■ TASK DIRECTIONS: Pictures aside, repeat every entry exactly.

■ DATA FOR THE TASK:
#####
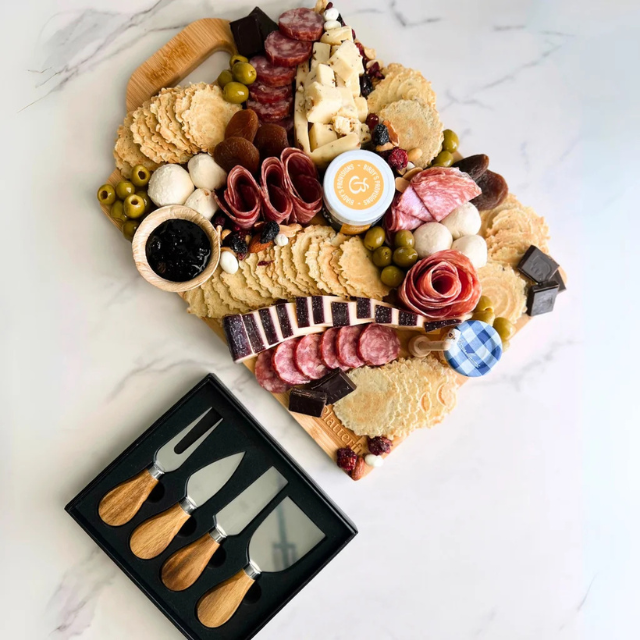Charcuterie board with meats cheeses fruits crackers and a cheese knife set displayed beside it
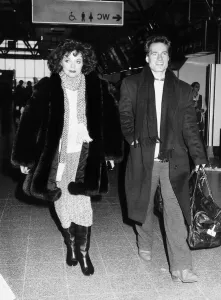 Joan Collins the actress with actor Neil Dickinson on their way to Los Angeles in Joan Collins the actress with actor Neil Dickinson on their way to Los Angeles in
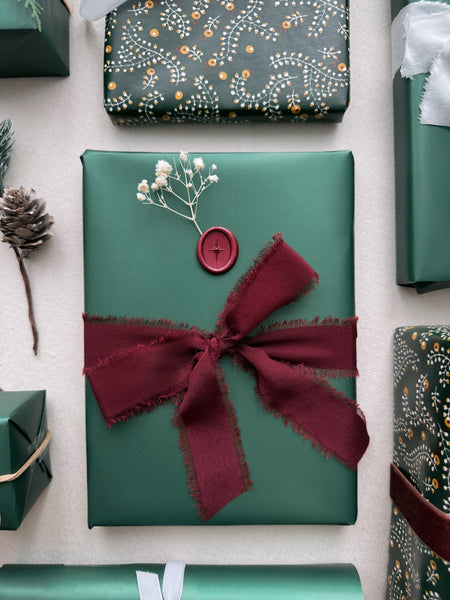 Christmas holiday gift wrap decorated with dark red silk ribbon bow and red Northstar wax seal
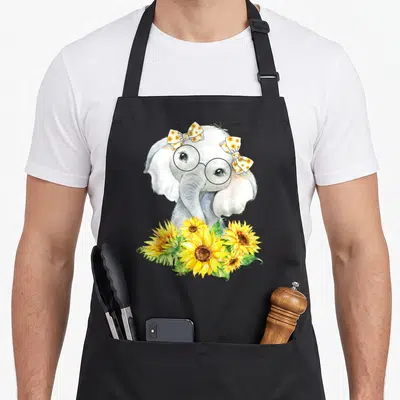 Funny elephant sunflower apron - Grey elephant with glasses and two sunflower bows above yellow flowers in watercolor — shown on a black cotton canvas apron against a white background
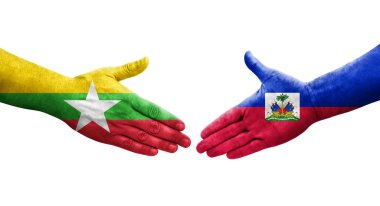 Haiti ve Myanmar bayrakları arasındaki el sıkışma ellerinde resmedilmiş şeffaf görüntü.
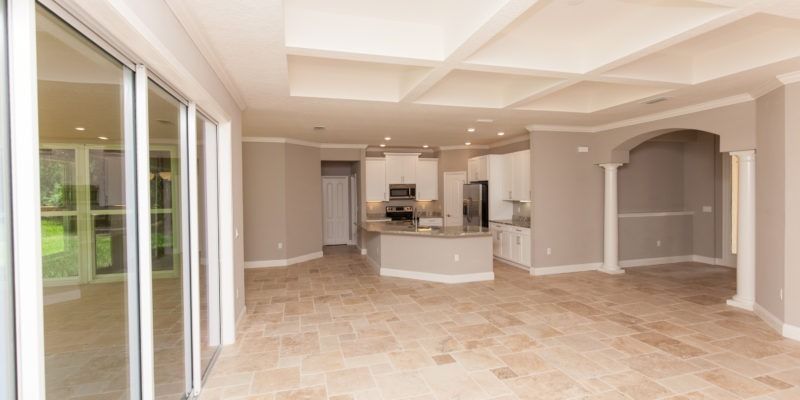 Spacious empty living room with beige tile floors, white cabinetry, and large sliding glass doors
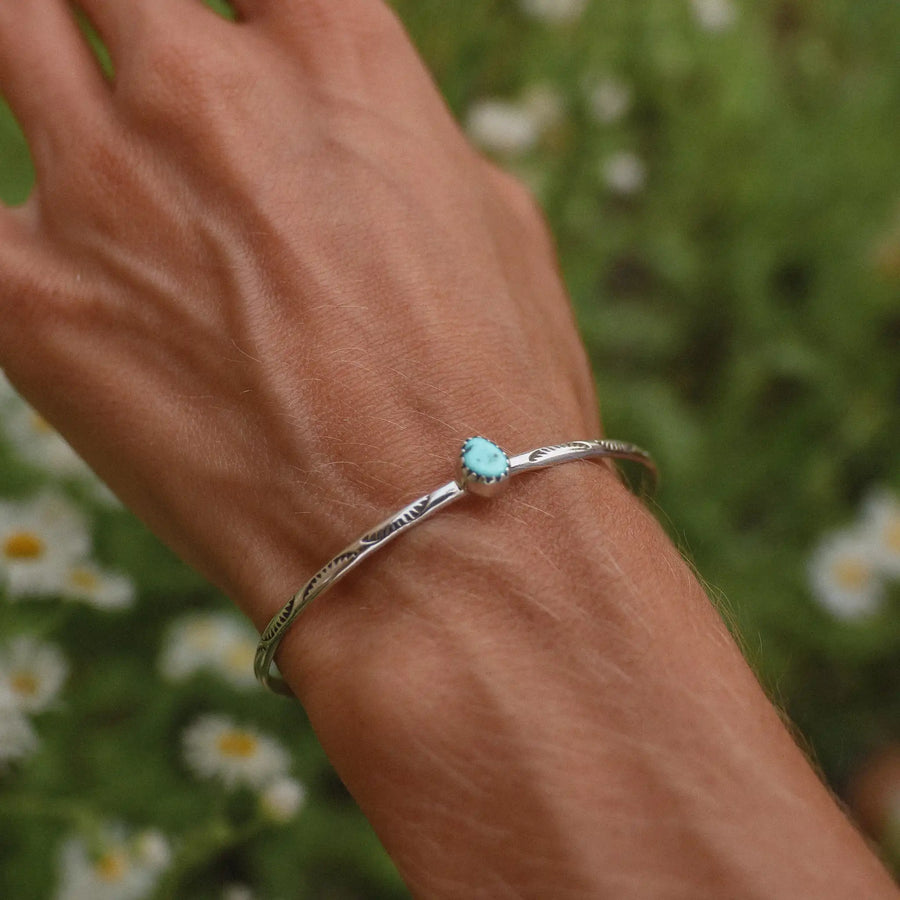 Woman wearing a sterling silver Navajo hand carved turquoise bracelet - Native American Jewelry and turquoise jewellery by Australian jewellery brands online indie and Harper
#####
■ ANSWER FOR THIS EXERCISE:
Charcuterie board with meats cheeses fruits crackers and a cheese knife set displayed beside it
 Joan Collins the actress with actor Neil Dickinson on their way to Los Angeles in Joan Collins the actress with actor Neil Dickinson on their way to Los Angeles in
 Christmas holiday gift wrap decorated with dark red silk ribbon bow and red Northstar wax seal
 Funny elephant sunflower apron - Grey elephant with glasses and two sunflower bows above yellow flowers in watercolor — shown on a black cotton canvas apron against a white background
 Haiti ve Myanmar bayrakları arasındaki el sıkışma ellerinde resmedilmiş şeffaf görüntü.
 Spacious empty living room with beige tile floors, white cabinetry, and large sliding glass doors
 Woman wearing a sterling silver Navajo hand carved turquoise bracelet - Native American Jewelry and turquoise jewellery by Australian jewellery brands online indie and Harper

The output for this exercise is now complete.